== Material shown ==
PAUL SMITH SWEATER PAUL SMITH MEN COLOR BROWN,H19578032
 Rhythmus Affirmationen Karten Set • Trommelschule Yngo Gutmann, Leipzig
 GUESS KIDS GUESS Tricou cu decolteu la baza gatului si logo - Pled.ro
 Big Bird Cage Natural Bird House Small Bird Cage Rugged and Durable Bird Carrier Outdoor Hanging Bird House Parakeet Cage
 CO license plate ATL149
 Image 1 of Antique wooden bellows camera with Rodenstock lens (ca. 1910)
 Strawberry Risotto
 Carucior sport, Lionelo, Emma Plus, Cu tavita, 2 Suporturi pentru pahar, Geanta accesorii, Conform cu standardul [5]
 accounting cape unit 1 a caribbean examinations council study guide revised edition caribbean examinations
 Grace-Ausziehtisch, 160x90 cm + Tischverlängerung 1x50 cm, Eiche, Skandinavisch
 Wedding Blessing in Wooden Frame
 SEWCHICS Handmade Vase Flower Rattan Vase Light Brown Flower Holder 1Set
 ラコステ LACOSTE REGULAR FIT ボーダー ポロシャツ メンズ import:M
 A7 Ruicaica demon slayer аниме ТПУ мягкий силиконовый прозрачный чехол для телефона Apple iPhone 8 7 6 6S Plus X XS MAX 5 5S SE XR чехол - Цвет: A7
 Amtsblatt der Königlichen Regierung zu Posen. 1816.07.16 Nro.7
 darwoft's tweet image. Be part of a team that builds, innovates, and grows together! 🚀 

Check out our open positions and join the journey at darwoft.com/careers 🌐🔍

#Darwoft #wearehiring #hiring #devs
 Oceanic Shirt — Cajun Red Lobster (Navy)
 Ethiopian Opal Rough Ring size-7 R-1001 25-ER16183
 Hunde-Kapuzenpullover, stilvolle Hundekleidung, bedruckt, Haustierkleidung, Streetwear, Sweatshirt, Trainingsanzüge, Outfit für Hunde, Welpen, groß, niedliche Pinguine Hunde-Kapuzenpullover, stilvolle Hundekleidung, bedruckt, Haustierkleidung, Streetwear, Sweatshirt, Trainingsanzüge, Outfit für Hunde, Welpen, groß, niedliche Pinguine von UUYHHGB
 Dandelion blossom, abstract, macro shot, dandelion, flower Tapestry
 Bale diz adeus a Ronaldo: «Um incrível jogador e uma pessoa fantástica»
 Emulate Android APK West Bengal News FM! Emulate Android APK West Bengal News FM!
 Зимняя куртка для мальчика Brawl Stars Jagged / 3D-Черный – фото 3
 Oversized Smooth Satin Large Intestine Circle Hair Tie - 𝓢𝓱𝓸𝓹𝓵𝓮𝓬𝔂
===
> **Prompt**
Scan the material above for lines holding the string "Plus" and copy those lines.

> **Completed exercise**
 Carucior sport, Lionelo, Emma Plus, Cu tavita, 2 Suporturi pentru pahar, Geanta accesorii, Conform cu standardul [5]
 A7 Ruicaica demon slayer аниме ТПУ мягкий силиконовый прозрачный чехол для телефона Apple iPhone 8 7 6 6S Plus X XS MAX 5 5S SE XR чехол - Цвет: A7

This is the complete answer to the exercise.